Failure to Launch Flash Fiction

     Ok, here's a good example of me screwing up. Something I do with alarming regularity. I wanted to enter this writing contest; http://www.npr.org/templates/story/story.php?storyId=105660765. Liked the concept, wouldn't take too much time, had an idea about the photo right away, and of course, I'm a big fan of NPR. So I got the story written in plenty of time ... but failed to get it submitted before the end of the month deadline. I will just offer it up to all of you now.

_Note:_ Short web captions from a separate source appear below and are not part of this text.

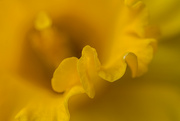 18th Apr 2023 - Daffodil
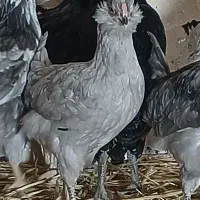 مرغ و خروس گلین چهل تاج لری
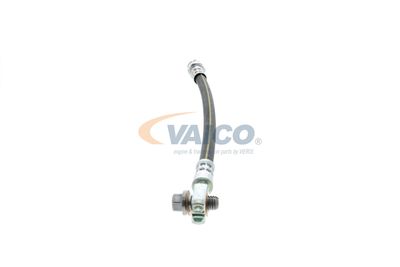 FURTUN FRANA VAICO V101125 38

Please critique at will. This was an ekphrastic exercise, so you have to take a peek at the link to see the photo I was responding to.

In Peace

     He liked this spot. It was rather peaceful sitting near the iron grate where the warm air could reach him as he sprawled on the edge of the sidewalk trying to stay out of people's way. His head lolled side to side as if he might find a comfortable spot in the concrete wall just under the plate glass window of the coffee shop, and he was both comforted and tortured by the smells from the shop that made his stomach come alive. Some days he could get so relaxed here that he could remember, way back, before the drugs, before he went to Iraq, way back to when he'd been a different man. When he had a family and a home. He closed his eyes, and tried to return to that time, and his favorite thought of all, to remember his little sister, and how she had always looked up to him. His foot fell to the side as his happy little recollection softened into a dream, and a little spittle escaped the corner of his mouth and meandered into his messy beard.
     A woman inside the coffee shop, on the opposite side of the wall he lay against, could no longer control her disgust. The skinny latte and scone she had ordered could not be called inexpensive, and she fully expected to enjoy them and her magazine in peace, without having to watch some filthy vagrant wasting away outside the window. She got up and demanded the barista notify a manager immediately.
     "Something needs to be done to clean up the scenery on the street for all of the patrons," she implored. With her finger pointing outside in an angry salute, she seethed, "That is not the America that my brother went to war for," thinking of the beautiful young soldier she hadn't seen in ten years.